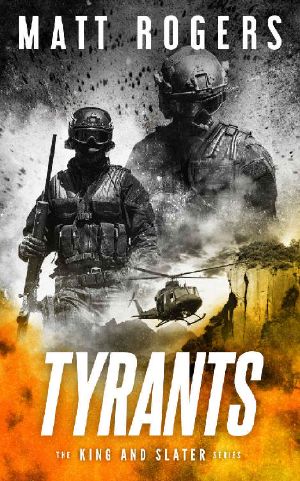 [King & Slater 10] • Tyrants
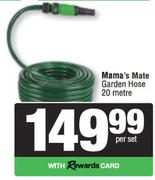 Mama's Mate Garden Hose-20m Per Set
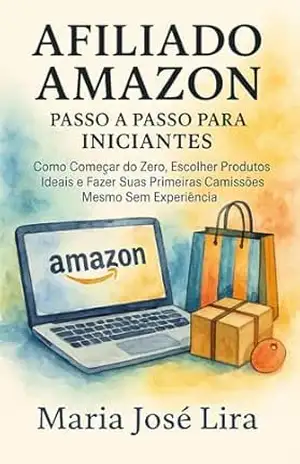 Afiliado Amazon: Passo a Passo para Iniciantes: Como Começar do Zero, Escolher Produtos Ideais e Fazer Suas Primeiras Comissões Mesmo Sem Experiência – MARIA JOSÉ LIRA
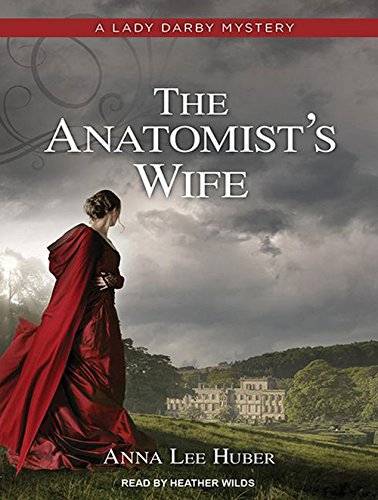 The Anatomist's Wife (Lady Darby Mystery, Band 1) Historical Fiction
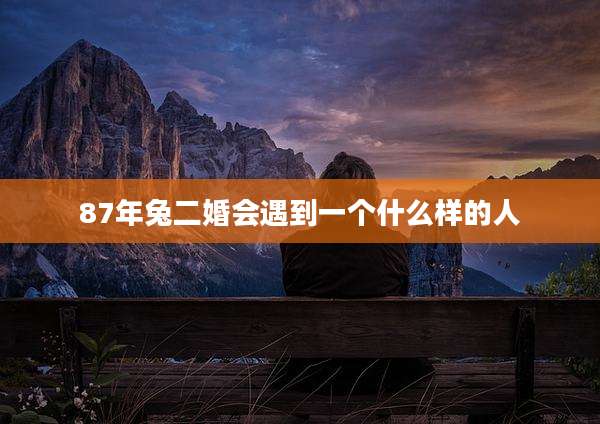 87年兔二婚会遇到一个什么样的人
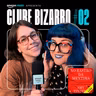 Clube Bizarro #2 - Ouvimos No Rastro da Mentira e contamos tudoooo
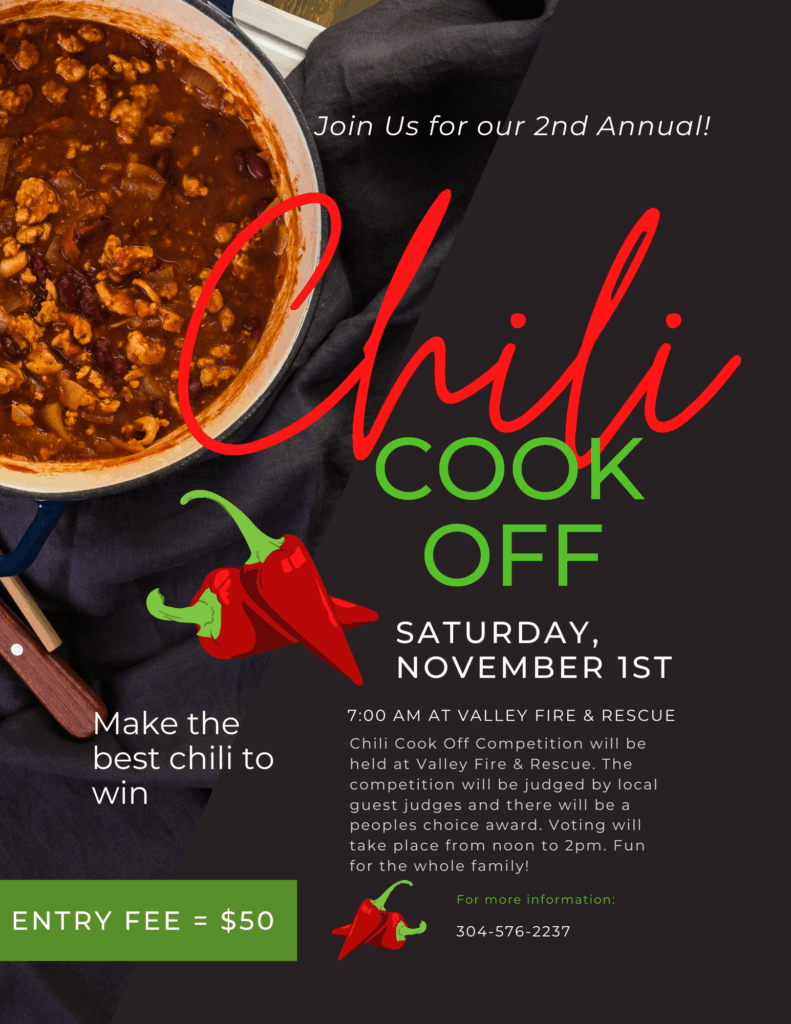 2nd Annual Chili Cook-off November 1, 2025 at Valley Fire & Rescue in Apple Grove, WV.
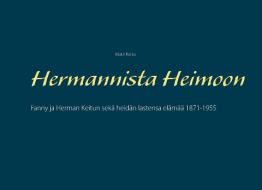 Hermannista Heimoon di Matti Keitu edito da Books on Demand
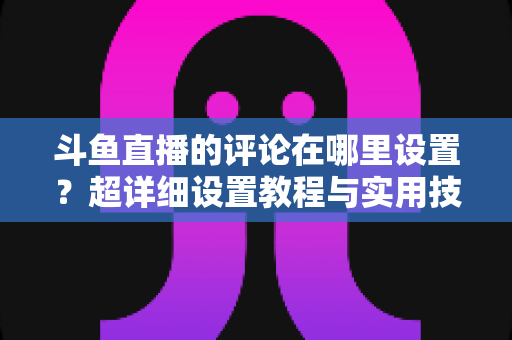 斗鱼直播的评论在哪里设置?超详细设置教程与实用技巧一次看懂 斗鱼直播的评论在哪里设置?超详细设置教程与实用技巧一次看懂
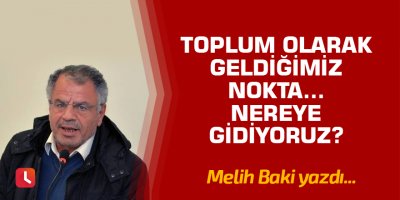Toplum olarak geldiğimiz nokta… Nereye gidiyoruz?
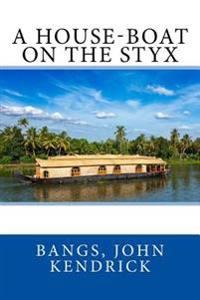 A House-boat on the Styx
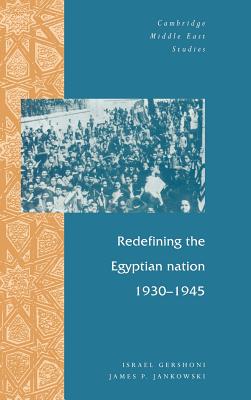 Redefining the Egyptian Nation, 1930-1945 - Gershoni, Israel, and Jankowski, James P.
* * * *
ASSIGNMENT: Before duplicating, set the pictures aside; then output exactly the lines from the one with "A House-boat on the Styx" through the end of the records, and only those.

COMPLETED TASK:
 A House-boat on the Styx
 Redefining the Egyptian Nation, 1930-1945 - Gershoni, Israel, and Jankowski, James P.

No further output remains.